HORT: Monocular Hand-held Objects Reconstruction with Transformers¶

Paper Information¶

Conference: ICCV 2025
arXiv: 2503.21313
Code: https://zerchen.github.io/projects/hort.html
Area: 3D Vision / Hand-held Object Reconstruction
Keywords: Hand-Object Reconstruction, Point Cloud, Transformer, Coarse-to-Fine, Monocular 3D

TL;DR¶

This paper proposes HORT, a coarse-to-fine Transformer-based framework that efficiently reconstructs dense 3D point clouds of hand-held objects from monocular images. By integrating image features with 3D hand geometry, HORT jointly predicts the object point cloud and its pose relative to the hand, achieving state-of-the-art performance in both reconstruction accuracy and inference speed.

Background & Motivation¶

Reconstructing the 3D shape of hand-held objects from monocular images has broad applications in action recognition, human-computer interaction, and robotic manipulation. Existing methods face critical bottlenecks:

Implicit representation methods (SDF, etc.): - Generate overly smooth 3D surfaces that lose geometric detail - Require Marching Cubes post-processing to obtain explicit meshes, resulting in slow inference (~2 seconds) - Cannot be flexibly applied to downstream tasks

Explicit representation methods: - HO uses vertex representations but is limited in resolution - D-SCO uses diffusion models to reconstruct high-resolution point clouds, but multi-step denoising leads to extremely slow inference (>13 seconds)

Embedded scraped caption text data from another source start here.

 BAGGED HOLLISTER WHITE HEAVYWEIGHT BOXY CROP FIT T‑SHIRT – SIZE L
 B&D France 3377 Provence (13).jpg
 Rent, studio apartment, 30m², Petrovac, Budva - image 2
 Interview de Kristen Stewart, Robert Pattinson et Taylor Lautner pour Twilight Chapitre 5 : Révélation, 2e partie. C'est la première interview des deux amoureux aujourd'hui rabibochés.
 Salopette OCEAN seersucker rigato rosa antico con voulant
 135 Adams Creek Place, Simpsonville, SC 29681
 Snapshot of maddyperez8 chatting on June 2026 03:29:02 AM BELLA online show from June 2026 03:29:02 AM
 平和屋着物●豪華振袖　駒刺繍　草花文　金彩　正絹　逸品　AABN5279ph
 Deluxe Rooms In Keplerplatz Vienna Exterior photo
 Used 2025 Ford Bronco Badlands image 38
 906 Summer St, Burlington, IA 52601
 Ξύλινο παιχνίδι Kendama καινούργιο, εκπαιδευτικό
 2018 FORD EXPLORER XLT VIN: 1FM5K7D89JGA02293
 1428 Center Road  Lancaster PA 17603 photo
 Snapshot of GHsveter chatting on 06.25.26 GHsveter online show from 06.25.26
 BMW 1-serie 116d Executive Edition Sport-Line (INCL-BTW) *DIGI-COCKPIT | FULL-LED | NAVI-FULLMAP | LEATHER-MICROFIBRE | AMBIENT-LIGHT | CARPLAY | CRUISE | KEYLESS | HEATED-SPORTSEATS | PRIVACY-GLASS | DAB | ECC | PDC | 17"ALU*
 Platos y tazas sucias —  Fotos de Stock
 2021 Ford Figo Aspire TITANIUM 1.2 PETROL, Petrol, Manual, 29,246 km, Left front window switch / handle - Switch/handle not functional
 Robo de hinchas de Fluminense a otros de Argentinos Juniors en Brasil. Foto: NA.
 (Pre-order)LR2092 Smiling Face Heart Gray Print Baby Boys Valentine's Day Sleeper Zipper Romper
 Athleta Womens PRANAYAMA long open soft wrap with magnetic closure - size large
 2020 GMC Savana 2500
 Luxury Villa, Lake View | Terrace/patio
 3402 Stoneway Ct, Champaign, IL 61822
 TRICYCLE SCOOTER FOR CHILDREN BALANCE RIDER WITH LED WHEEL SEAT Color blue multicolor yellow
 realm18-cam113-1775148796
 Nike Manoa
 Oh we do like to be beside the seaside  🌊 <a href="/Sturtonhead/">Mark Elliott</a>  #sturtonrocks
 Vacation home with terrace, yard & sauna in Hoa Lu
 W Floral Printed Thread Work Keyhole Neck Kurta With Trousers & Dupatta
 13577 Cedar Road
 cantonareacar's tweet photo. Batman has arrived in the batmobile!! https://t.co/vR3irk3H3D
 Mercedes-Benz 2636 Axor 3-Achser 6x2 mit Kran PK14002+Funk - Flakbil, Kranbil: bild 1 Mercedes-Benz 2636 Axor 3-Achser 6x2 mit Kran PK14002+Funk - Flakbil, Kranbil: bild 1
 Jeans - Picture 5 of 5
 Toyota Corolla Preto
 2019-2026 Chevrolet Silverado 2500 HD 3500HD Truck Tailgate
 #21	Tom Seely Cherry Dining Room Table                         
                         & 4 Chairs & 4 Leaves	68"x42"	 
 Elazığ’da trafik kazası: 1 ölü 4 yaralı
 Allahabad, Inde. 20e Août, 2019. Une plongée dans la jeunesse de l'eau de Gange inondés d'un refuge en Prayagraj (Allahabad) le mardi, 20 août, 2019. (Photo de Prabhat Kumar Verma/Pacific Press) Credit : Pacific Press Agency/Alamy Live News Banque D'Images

The root cause lies in the trade-off between high-quality reconstruction and efficient inference. Furthermore, hand geometry implicitly encodes cues about object geometry and location, yet existing methods fail to fully exploit this information.

Method¶

Overall Architecture¶

HORT adopts a coarse-to-fine two-stage strategy comprising four key modules:

Image Encoder: Extracts 256+1 visual feature tokens using DINOv2-Large
Hand Encoder: Encodes MANO hand geometry into rich 3D features
Sparse Point Cloud Decoder: Jointly predicts a sparse point cloud and hand-relative pose
Dense Point Cloud Decoder: Upsamples to a high-resolution point cloud using pixel-aligned features

Fine-grained Hand Feature Encoding¶

The key innovation lies in encoding 3D hand geometry:

The MANO model reconstructs a hand mesh $v_h \in \mathbb{R}^{778\times3}$, driven by joints $j_h \in \mathbb{R}^{16\times3}$
Hand vertices are transformed into 22 local coordinate systems (16 joints + 5 fingertips + 1 palm center)
The transformed coordinates and absolute vertex indices are concatenated to obtain $e_h \in \mathbb{R}^{778\times67}$
A PointNet encodes this into hand features $f_h \in \mathbb{R}^{1024}$

This multi-coordinate-system representation captures pose- and shape-related geometric information of the hand, providing a strong structural prior for object reconstruction.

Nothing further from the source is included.